Then again, the next section of the route is “delicate,” so perhaps I should not feel quite so secure.

Earlier, John described a different stretch of the climb as “interesting.” Naively, I had thought this was good: after all, I appreciate interesting things. Well, that minor crucible had my fingers trembling, forearms aching, calves cramping, and eyes stinging with sweat. Now, forty minutes later, John’s seemingly innocuous pronouncement fills me with dread. My mother was English, so I am familiar with British understatement, and it’s obvious that John is a practitioner of this rhetorical art. I imagine him emerging from a WWII bomb shelter, brushing the dust from his clothing and observing that the night had been “interesting.” I can’t imagine how bad “delicate” might be.

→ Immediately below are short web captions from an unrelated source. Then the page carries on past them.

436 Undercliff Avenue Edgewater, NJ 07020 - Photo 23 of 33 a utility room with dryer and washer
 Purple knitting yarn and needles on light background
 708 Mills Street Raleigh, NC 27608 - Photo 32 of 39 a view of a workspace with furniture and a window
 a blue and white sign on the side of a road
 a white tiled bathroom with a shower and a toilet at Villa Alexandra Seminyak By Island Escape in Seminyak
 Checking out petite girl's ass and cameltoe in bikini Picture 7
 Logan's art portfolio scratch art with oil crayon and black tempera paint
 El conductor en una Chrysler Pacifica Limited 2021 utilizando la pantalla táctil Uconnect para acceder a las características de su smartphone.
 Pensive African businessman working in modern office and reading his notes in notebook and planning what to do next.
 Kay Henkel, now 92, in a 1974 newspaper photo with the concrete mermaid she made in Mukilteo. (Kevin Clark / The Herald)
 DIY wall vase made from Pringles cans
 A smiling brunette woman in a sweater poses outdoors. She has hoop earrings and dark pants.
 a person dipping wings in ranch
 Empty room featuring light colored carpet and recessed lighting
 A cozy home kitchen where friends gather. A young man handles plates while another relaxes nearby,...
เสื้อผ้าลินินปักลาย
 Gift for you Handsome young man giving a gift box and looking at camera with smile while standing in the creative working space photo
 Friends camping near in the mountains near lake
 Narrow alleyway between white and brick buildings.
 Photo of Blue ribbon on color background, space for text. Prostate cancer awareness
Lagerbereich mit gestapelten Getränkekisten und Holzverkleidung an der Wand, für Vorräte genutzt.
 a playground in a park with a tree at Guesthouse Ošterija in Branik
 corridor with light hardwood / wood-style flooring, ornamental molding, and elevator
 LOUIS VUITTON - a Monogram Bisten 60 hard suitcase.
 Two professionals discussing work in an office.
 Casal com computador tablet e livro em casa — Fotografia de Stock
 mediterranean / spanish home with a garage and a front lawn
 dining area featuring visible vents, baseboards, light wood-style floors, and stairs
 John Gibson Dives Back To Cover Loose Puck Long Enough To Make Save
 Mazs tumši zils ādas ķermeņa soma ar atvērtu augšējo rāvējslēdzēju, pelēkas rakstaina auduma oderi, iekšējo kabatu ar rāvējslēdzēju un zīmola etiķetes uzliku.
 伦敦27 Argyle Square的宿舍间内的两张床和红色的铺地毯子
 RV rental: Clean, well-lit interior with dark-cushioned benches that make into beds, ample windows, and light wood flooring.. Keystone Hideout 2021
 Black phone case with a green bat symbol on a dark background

I lift my eyes from the void and focus on the cliff just inches from my nose. It’s good rock—solid, dry, lots of places for feet and hands, really quite gentle for a novice climber like myself. The south side of Yamnuska is a vertical face of rock, but Gollum’s Grooves—the route I am climbing, is much easier than it looks.

To be truthful, however, at the moment, I’m not climbing Gollum’s Grooves; I’m stalling Gollum’s Grooves.

I glance right and left, seeing the two arms of the Bow Valley reach from sunrise to sunset. I can scarcely imagine a panorama of more striking contrast. Westward, the Rockies thrust ruggedly up past the horizon. Even in midsummer, some peaks are crusted with snow. To the East, the land drops away to open prairie that distance smudges into a haze. I cannot see it, but I know that Calgary lies in that direction—Calgary where people are sitting in pubs, drinking pints of Traditional Ale, appreciating the “delicate” bouquet of the beer and having “interesting” conversations. I want to be there

But first, I have to get up Gollum’s Grooves.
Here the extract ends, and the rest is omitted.